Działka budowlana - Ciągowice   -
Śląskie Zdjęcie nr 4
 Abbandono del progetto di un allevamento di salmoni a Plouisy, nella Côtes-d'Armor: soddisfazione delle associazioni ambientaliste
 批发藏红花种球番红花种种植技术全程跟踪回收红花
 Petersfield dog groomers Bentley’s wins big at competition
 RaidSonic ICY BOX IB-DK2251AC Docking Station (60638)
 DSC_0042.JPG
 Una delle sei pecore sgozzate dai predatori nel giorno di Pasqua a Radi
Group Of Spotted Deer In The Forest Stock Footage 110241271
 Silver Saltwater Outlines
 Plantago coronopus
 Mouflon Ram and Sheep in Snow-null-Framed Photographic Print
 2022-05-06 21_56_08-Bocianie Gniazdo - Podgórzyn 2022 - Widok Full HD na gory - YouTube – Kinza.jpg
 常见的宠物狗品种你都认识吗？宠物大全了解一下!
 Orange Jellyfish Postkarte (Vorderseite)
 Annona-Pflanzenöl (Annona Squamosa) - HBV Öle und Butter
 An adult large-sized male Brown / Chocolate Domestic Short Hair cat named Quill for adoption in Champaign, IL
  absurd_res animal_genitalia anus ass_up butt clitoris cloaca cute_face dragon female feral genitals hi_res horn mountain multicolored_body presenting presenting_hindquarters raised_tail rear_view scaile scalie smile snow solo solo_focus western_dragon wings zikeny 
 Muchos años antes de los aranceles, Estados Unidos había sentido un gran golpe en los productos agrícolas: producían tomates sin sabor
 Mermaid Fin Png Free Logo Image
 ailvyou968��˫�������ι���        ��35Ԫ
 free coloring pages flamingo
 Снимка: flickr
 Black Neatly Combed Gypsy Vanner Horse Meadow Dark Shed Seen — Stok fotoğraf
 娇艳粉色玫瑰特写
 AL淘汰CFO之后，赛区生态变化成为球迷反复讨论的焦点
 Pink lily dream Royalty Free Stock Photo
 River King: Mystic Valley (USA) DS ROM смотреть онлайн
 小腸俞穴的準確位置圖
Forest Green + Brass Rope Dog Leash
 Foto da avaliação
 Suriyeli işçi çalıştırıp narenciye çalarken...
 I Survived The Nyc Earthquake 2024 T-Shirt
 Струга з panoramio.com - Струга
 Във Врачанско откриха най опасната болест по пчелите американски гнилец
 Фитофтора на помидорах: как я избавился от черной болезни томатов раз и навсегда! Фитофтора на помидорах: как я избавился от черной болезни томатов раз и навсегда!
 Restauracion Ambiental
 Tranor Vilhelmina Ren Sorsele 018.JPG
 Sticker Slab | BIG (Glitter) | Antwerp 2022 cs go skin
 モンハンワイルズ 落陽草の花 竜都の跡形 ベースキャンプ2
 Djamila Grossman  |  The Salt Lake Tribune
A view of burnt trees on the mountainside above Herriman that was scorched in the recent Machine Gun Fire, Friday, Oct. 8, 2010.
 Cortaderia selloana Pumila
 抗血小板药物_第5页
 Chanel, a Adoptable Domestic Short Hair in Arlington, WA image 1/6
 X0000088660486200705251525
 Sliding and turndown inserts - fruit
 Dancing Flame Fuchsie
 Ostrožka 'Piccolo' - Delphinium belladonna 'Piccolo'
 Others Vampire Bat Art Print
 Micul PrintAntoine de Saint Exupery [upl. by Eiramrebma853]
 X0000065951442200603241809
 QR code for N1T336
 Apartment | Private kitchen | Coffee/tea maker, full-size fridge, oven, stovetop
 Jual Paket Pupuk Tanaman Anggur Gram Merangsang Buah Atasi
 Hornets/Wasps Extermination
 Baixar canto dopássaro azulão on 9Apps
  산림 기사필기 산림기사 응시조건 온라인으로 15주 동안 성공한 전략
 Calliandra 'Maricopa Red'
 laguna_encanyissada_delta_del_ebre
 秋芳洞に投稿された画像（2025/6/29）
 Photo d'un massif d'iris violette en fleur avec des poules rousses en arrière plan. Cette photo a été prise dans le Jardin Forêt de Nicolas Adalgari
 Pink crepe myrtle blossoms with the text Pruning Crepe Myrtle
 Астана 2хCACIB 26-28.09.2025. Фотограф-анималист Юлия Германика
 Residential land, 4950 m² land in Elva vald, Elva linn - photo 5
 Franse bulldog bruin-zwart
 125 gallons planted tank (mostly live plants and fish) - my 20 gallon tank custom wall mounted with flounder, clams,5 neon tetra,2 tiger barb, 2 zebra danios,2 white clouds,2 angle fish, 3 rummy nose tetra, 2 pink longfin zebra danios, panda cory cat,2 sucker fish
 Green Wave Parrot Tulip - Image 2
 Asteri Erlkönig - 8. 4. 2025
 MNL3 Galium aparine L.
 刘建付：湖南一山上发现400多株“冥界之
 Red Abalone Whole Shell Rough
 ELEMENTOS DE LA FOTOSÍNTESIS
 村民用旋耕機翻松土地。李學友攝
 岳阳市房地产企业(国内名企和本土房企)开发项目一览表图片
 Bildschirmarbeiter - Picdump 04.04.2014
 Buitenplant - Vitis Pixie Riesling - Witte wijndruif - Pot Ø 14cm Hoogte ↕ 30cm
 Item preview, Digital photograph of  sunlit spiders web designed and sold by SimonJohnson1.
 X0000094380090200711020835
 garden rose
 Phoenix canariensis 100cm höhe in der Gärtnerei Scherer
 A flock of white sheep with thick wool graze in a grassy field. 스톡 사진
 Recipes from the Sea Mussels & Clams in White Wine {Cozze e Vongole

• [ABOUT THIS EXERCISE]
Skip all lines ahead of the one containing "村民用旋耕機翻松土地。李學友攝". Reproduce that line and the remainder of the listing above exactly.

• [WRITTEN ANSWER]
 村民用旋耕機翻松土地。李學友攝
 岳阳市房地产企业(国内名企和本土房企)开发项目一览表图片
 Bildschirmarbeiter - Picdump 04.04.2014
 Buitenplant - Vitis Pixie Riesling - Witte wijndruif - Pot Ø 14cm Hoogte ↕ 30cm
 Item preview, Digital photograph of  sunlit spiders web designed and sold by SimonJohnson1.
 X0000094380090200711020835
 garden rose
 Phoenix canariensis 100cm höhe in der Gärtnerei Scherer
 A flock of white sheep with thick wool graze in a grassy field. 스톡 사진
 Recipes from the Sea Mussels & Clams in White Wine {Cozze e Vongole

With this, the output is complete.